Task to carry out –
Transcribe the listing below exactly, leaving out each image.

+++ Task inputs

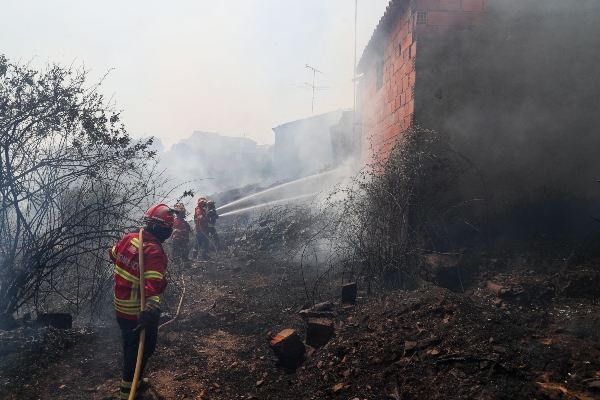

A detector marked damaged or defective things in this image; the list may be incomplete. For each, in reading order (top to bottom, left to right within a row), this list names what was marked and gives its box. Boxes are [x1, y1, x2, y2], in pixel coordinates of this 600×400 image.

damaged structure [358, 0, 600, 238]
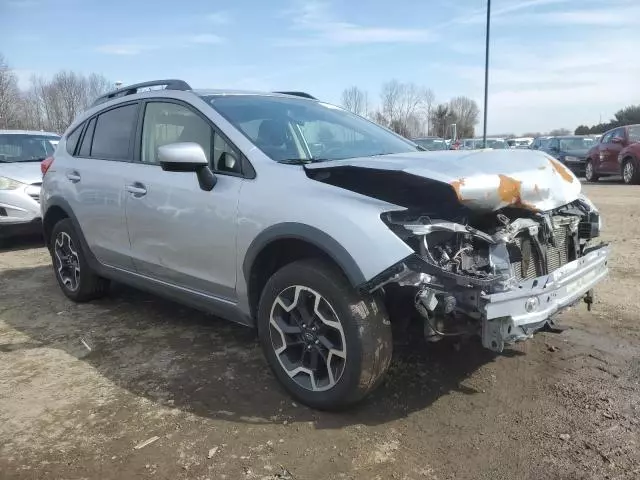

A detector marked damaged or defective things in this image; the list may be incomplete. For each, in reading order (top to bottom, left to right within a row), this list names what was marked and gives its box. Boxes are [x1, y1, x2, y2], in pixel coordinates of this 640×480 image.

crushed hood [308, 149, 584, 211]
damaged bumper [480, 246, 608, 350]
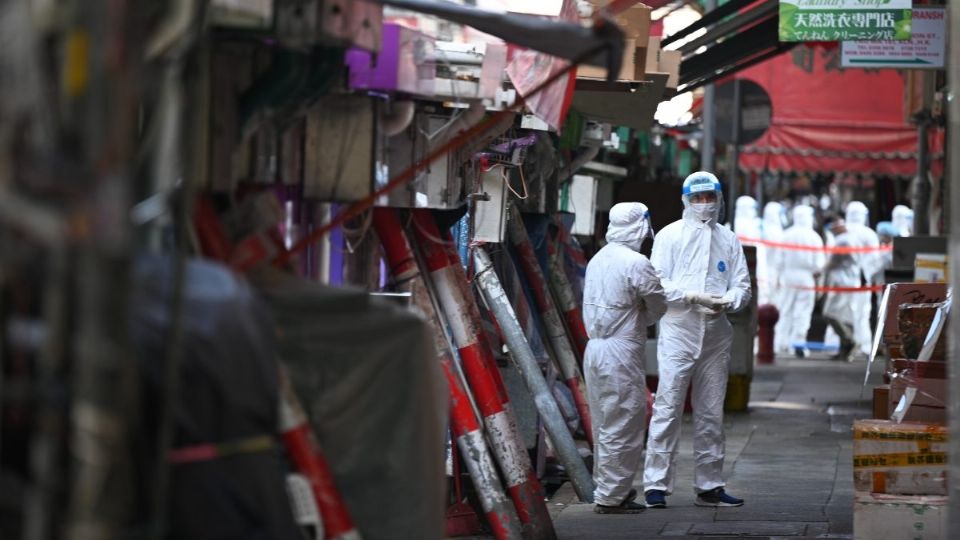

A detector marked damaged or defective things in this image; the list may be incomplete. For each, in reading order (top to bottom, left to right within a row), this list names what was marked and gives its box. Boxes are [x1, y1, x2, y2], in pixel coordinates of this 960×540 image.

++++++

Problem solution –
A detector marked damaged or defective things in this image; the list may be incomplete. For each, in reading order (top to bottom, left to right within a row), this list names what was marked and gives its box. Boxes are [x1, y1, x2, y2], in pixel coordinates of this 600×400 image.

damaged structure [358, 0, 600, 238]

A detector marked damaged or defective things in this image; the list may be incomplete. For each, in reading order (top to bottom, left to right within a row), this list names what was marked and gives its box. Boxes are [x1, y1, x2, y2], in pixel coordinates of this 640×480 image.

crushed hood [308, 149, 584, 211]
damaged bumper [480, 246, 608, 350]

A detector marked damaged or defective things in this image; the list may be incomplete. For each, in reading order (top to bottom, left to right within a row), this list names what was marked and gives its box. Boxes are [x1, y1, x2, y2], in pixel coordinates of this 960×540 image.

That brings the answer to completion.